+++ MATERIAL FOR THE TASK +++
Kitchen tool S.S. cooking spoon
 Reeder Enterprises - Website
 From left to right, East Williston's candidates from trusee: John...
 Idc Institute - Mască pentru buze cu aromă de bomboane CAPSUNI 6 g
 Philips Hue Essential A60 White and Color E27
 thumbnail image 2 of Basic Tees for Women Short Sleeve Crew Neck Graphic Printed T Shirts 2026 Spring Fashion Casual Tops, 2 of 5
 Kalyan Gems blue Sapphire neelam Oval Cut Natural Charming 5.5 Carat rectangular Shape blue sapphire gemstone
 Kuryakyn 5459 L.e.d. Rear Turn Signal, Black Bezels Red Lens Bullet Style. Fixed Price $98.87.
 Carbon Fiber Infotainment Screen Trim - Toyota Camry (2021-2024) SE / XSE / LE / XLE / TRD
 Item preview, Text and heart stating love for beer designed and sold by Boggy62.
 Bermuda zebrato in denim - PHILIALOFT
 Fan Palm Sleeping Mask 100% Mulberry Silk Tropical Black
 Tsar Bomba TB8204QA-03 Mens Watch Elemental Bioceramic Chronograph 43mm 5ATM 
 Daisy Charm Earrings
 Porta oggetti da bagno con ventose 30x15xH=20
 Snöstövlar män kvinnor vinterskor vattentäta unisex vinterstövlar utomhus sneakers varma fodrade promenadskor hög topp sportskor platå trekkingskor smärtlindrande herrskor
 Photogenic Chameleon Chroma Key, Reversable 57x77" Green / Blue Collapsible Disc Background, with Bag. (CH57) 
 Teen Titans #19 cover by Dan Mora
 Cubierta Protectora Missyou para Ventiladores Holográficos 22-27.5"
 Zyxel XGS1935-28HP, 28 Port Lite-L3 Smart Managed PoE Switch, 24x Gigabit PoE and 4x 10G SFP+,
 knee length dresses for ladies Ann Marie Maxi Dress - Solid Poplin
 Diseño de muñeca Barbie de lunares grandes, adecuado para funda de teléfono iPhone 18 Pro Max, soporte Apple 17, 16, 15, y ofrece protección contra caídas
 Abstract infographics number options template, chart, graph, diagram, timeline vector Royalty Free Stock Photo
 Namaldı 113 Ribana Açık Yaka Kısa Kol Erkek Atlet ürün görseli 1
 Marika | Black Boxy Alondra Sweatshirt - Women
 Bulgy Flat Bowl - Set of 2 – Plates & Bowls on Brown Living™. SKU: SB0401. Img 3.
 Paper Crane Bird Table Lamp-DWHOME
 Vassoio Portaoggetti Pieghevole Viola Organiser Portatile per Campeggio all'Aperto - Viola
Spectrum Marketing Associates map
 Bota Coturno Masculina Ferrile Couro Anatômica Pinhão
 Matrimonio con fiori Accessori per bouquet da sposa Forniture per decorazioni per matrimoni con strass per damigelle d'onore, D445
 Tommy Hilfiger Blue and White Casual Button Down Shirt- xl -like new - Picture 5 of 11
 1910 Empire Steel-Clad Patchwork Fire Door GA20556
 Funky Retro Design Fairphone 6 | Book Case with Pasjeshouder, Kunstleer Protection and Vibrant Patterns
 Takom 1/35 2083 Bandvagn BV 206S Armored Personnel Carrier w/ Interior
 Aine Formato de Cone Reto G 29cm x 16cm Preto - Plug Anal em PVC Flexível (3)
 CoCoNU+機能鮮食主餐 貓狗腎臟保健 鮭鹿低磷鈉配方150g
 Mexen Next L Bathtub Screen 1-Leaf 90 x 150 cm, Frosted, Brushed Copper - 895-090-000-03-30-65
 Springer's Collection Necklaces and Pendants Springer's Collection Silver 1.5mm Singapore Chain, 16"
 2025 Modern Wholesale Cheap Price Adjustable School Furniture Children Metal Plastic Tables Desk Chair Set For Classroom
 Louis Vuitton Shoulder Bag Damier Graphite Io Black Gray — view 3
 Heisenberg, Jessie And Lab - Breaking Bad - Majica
+++
→ **WHAT YOU SHOULD DO**: Beginning with the first line of the entries, repeat each line exactly until you have reproduced the one containing "Philips Hue Essential", and add nothing further.

→ **YOUR RESPONSE**:
Kitchen tool S.S. cooking spoon
 Reeder Enterprises - Website
 From left to right, East Williston's candidates from trusee: John...
 Idc Institute - Mască pentru buze cu aromă de bomboane CAPSUNI 6 g
 Philips Hue Essential A60 White and Color E27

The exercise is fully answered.